En tout état de cause et au cas d'espèce, il apparaît que la question de savoir s'il convient de segmenter le marché des progiciels de gestion tel qu'envisagé par la Commission est sans objet dans la mesure où, quelle que soit la délimitation proposée, les conclusions de l'analyse demeureront inchangées.

Quant aux marchés des services informatiques concernés, il n'est pas nécessaire de les définir précisément ; la présence de PeopleSoft et de JD Edwards sur ces marchés est marginale et limitée aux services relatifs à leurs produits progiciels.

B. - Le marché géographique

Dans ses décisions rendues dans le secteur de la conception et de l'édition de progiciels, la Commission européenne a considéré que le marché de la conception et de l'édition de progiciels applicatifs de gestion est de dimension européenne dans la mesure où il existe des réseaux de distribution permettant à un éditeur de commercialiser ses produits au-delà des frontières du pays dans lequel il est installé, d'une part, et où l'adaptation des produits aux pays présentant un caractère ou une langue spécifique demeure relativement aisée, d'autre part.

III. - L'analyse concurrentielle

Les parties n'ont pas été en mesure de communiquer d'estimations précises de leur part de marché sur les segmentations qu'elles envisagent et les évaluent sur une base mondiale.

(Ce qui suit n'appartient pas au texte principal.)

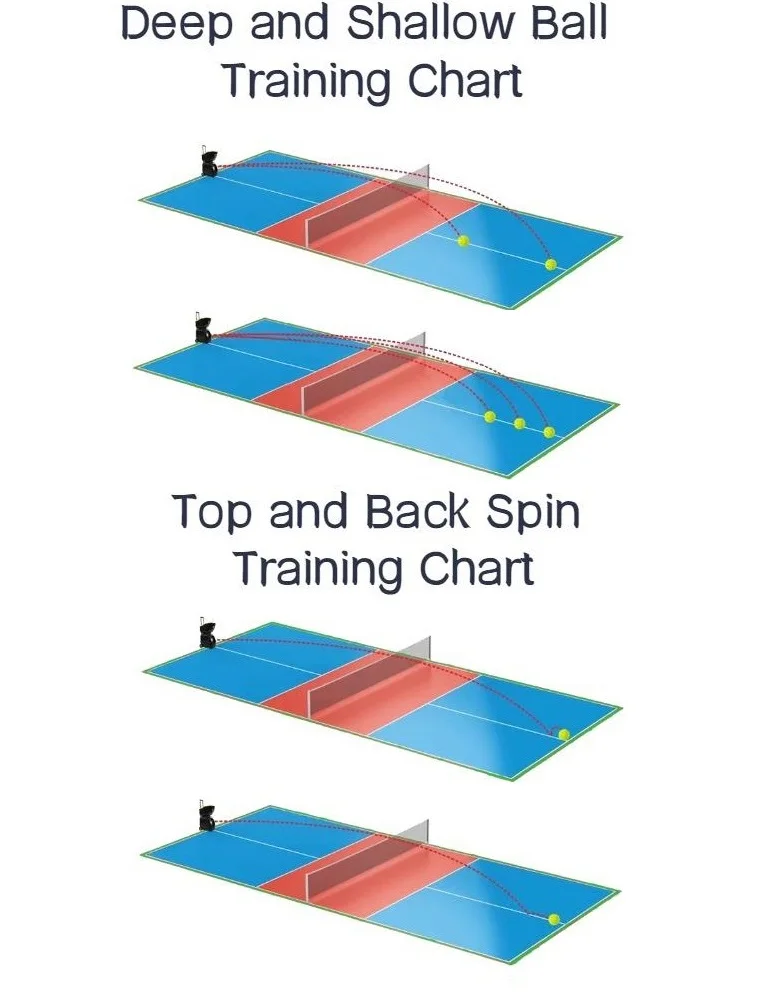 Hot Sales Automatic Electronics Serving Throwing Pickleball Machine For Training Practice With Remote Control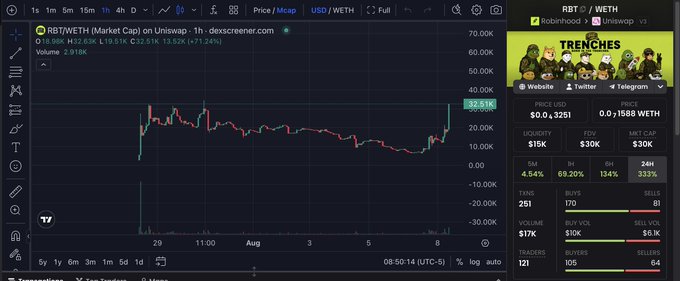 A cryptocurrency chart on Dexscreener shows RBT/WETH (Robinhood) with a price of $0.0305, a market cap of $30K, and a 1-hour price increase of 32.51%.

Au niveau mondial, PeopleSoft estime que sa part dans les ventes de progiciels applicatifs de gestion à destination des grandes entreprises représente en 2001 [10-20] % des ventes totales de ces progiciels aux grandes entreprises. Celle de JD Edwards serait inférieure à [0-10] %. La part de SAP est estimée quant à elle à [60-70] %, celle d'Oracle à [10-20] %. Il ne lui a pas été possible de communiquer d'estimations des parts des parties dans les ventes mondiales de chaque type de progiciels de gestion.

Au niveau mondial toujours, PeopleSoft n'est pas en mesure de donner une estimation de la part des parties à la concentration s'agissant des ventes de progiciels applicatifs de gestion au " mid-market " et aux PME. Cibles commerciales historiques de JD Edwards, il indique simplement que les ventes de JD Edwards vers cette typologie de clientèle représenteraient plus de [0-10] % des ventes totales de progiciels applicatifs de gestion au " mid-market " et PME. Il n'apporte pas d'évaluation selon les différents types de progiciels de gestion. PeopleSoft énonce en revanche que les principaux concurrents de JD Edwards sur ces segments sont Oracle, SAP, Lawson Software, Siebel, Intentia, IFS, ADP Manugistics Group et i2 Technologies.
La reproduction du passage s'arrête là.